## PROBLEM DETAILS
Print, exactly as written, every line from the first line of the records below through the line containing "Hotel Isla del", and nothing further.

## PROVIDED ENTRIES
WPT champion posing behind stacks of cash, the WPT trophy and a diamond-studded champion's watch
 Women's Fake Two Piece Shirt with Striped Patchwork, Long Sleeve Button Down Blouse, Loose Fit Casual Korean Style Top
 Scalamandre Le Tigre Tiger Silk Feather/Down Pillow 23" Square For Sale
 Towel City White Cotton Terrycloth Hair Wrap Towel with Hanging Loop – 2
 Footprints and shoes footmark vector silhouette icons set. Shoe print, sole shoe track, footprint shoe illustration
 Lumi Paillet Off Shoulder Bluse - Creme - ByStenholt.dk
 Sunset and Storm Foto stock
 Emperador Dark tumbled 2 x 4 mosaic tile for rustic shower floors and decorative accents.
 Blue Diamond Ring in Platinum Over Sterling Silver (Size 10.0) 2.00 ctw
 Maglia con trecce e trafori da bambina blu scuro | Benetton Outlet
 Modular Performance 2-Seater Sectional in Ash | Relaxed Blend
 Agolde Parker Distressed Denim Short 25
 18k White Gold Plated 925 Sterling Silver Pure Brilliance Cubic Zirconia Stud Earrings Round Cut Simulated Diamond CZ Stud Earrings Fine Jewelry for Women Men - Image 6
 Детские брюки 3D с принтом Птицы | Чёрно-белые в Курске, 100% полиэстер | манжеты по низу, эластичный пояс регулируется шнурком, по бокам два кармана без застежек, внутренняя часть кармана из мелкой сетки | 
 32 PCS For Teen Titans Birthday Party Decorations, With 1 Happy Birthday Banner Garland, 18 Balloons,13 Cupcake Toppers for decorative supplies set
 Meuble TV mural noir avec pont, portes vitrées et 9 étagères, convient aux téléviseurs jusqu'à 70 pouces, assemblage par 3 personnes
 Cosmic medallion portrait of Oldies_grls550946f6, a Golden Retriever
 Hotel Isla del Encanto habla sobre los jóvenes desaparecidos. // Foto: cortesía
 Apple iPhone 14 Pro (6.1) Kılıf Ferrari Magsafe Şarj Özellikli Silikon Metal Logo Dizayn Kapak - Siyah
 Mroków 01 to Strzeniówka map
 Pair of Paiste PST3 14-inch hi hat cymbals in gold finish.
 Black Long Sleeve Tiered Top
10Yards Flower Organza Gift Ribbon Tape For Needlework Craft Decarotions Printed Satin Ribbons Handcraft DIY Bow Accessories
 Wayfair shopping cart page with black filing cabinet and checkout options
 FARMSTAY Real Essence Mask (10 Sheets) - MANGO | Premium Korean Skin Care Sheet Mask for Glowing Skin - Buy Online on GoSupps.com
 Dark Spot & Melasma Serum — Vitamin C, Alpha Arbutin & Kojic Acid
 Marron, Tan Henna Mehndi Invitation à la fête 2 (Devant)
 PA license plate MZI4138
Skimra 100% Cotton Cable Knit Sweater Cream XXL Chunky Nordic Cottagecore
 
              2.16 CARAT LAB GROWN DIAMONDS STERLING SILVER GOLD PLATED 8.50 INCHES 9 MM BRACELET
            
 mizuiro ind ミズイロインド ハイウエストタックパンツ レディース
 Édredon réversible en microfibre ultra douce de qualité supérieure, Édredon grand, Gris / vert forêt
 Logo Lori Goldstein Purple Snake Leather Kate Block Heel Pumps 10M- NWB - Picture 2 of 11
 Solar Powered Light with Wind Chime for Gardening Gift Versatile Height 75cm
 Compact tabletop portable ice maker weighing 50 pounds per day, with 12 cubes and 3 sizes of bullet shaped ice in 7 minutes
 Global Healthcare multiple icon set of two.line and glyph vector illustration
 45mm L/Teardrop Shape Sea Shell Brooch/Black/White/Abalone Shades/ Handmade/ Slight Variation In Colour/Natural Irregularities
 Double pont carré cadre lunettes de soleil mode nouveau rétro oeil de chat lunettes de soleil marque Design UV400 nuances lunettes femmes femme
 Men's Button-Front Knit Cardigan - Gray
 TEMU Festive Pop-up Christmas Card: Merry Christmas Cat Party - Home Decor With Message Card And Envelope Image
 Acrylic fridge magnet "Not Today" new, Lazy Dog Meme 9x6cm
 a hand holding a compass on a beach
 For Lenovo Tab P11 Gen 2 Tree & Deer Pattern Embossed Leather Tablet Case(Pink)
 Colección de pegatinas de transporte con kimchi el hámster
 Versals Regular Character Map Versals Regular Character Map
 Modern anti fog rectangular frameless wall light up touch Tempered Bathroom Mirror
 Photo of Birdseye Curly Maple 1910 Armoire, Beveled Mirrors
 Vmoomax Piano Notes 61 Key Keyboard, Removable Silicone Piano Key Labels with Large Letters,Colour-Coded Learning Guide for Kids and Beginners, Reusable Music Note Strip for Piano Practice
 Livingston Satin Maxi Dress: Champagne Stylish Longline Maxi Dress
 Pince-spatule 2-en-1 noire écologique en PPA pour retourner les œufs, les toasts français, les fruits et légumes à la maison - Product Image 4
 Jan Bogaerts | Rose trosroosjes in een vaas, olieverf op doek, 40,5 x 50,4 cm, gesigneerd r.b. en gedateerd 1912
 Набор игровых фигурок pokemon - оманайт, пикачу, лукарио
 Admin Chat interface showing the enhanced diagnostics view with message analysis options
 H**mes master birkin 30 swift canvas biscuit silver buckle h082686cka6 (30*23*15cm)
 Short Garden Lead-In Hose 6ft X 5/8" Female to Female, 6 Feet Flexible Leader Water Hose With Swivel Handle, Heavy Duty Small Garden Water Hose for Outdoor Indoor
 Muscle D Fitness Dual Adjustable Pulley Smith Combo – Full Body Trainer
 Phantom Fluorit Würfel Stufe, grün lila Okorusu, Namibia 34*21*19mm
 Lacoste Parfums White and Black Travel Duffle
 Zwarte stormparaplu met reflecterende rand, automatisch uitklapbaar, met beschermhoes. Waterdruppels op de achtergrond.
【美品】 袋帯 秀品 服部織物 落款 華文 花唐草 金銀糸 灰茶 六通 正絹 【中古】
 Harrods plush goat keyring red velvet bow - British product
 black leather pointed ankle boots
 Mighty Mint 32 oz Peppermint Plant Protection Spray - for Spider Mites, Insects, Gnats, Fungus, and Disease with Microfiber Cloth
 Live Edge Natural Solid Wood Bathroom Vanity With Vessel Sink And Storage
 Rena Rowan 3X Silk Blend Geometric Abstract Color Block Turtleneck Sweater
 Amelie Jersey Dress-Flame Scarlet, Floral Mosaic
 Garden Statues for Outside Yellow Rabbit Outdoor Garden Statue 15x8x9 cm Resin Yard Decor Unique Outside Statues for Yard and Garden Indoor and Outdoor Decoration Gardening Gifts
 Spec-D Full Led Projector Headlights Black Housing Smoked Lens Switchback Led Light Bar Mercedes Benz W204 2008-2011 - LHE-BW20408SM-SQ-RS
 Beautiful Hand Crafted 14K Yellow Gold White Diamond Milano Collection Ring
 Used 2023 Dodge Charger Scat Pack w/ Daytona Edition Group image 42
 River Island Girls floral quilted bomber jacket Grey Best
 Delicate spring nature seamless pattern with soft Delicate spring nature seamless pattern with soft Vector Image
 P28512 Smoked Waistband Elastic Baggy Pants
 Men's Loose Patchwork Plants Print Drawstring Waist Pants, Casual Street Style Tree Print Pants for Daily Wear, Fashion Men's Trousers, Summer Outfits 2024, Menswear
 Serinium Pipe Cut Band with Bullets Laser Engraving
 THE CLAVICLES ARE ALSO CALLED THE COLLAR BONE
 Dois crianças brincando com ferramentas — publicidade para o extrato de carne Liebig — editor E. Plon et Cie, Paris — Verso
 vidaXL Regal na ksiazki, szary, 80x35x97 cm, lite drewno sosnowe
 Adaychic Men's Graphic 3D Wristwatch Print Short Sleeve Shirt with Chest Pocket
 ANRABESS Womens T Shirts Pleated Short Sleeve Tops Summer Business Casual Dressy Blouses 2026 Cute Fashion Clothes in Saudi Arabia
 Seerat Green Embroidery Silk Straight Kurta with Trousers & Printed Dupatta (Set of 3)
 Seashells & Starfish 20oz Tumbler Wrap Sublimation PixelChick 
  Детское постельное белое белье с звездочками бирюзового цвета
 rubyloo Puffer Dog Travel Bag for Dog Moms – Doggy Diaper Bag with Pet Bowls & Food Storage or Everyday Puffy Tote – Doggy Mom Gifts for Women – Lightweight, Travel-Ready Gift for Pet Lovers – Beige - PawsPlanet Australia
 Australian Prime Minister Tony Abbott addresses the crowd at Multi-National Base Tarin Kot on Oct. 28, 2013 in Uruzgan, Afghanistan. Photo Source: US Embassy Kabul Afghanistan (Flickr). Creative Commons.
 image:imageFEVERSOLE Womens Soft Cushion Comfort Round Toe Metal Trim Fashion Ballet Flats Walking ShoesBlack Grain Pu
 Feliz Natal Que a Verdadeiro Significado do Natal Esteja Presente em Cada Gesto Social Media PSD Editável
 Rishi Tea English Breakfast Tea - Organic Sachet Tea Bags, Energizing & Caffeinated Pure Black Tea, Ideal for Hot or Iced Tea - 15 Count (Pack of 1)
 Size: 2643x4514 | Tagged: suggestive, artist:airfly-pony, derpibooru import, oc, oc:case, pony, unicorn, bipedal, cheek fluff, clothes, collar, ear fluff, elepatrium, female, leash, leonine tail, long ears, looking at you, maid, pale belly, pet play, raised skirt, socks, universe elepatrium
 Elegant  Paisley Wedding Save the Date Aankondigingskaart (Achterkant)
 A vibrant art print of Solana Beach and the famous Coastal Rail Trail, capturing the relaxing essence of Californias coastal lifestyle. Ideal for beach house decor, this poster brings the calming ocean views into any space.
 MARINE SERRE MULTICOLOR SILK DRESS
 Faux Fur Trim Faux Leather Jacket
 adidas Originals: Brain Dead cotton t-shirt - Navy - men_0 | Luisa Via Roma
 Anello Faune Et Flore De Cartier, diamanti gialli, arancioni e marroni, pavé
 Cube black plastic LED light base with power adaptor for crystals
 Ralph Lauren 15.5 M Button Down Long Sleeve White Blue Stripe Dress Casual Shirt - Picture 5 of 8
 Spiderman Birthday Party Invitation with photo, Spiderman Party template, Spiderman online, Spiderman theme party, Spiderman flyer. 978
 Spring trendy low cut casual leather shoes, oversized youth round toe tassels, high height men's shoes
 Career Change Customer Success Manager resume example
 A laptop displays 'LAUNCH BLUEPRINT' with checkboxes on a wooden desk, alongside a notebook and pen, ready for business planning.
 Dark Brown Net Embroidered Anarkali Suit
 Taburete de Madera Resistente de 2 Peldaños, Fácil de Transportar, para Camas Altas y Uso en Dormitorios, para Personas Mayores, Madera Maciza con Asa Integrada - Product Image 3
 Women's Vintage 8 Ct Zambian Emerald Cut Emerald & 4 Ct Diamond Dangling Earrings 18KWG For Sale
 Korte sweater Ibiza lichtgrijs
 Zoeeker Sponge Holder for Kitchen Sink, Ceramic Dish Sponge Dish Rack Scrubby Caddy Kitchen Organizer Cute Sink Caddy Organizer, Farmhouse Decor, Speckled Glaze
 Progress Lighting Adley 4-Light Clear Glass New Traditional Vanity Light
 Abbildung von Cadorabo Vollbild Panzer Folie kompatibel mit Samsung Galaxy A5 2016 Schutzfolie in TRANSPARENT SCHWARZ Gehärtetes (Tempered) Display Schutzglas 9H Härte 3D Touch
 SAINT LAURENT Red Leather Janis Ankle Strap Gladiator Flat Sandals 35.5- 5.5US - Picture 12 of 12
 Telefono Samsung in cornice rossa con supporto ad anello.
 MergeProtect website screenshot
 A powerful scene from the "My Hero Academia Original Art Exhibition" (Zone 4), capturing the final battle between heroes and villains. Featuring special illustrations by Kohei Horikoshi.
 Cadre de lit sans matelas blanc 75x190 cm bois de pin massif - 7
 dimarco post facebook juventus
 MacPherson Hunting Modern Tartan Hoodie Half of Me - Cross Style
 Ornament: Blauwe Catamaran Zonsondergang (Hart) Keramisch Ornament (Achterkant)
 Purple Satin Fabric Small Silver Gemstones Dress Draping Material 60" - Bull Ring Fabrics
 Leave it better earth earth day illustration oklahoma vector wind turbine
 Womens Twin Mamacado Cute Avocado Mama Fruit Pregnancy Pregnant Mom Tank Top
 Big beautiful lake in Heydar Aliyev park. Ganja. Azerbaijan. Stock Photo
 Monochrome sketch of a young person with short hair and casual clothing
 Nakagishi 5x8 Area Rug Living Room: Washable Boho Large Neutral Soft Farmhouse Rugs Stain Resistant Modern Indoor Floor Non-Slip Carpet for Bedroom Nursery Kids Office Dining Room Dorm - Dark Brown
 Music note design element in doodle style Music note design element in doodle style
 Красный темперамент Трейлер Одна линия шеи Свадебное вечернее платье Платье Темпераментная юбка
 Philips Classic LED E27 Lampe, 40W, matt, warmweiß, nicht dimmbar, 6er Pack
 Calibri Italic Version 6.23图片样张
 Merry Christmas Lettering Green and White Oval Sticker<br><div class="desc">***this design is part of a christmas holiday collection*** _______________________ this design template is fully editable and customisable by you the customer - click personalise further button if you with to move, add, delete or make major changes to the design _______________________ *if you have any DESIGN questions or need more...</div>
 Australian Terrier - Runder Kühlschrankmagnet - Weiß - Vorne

## ANSWER FOR THIS EXERCISE
WPT champion posing behind stacks of cash, the WPT trophy and a diamond-studded champion's watch
 Women's Fake Two Piece Shirt with Striped Patchwork, Long Sleeve Button Down Blouse, Loose Fit Casual Korean Style Top
 Scalamandre Le Tigre Tiger Silk Feather/Down Pillow 23" Square For Sale
 Towel City White Cotton Terrycloth Hair Wrap Towel with Hanging Loop – 2
 Footprints and shoes footmark vector silhouette icons set. Shoe print, sole shoe track, footprint shoe illustration
 Lumi Paillet Off Shoulder Bluse - Creme - ByStenholt.dk
 Sunset and Storm Foto stock
 Emperador Dark tumbled 2 x 4 mosaic tile for rustic shower floors and decorative accents.
 Blue Diamond Ring in Platinum Over Sterling Silver (Size 10.0) 2.00 ctw
 Maglia con trecce e trafori da bambina blu scuro | Benetton Outlet
 Modular Performance 2-Seater Sectional in Ash | Relaxed Blend
 Agolde Parker Distressed Denim Short 25
 18k White Gold Plated 925 Sterling Silver Pure Brilliance Cubic Zirconia Stud Earrings Round Cut Simulated Diamond CZ Stud Earrings Fine Jewelry for Women Men - Image 6
 Детские брюки 3D с принтом Птицы | Чёрно-белые в Курске, 100% полиэстер | манжеты по низу, эластичный пояс регулируется шнурком, по бокам два кармана без застежек, внутренняя часть кармана из мелкой сетки | 
 32 PCS For Teen Titans Birthday Party Decorations, With 1 Happy Birthday Banner Garland, 18 Balloons,13 Cupcake Toppers for decorative supplies set
 Meuble TV mural noir avec pont, portes vitrées et 9 étagères, convient aux téléviseurs jusqu'à 70 pouces, assemblage par 3 personnes
 Cosmic medallion portrait of Oldies_grls550946f6, a Golden Retriever
 Hotel Isla del Encanto habla sobre los jóvenes desaparecidos. // Foto: cortesía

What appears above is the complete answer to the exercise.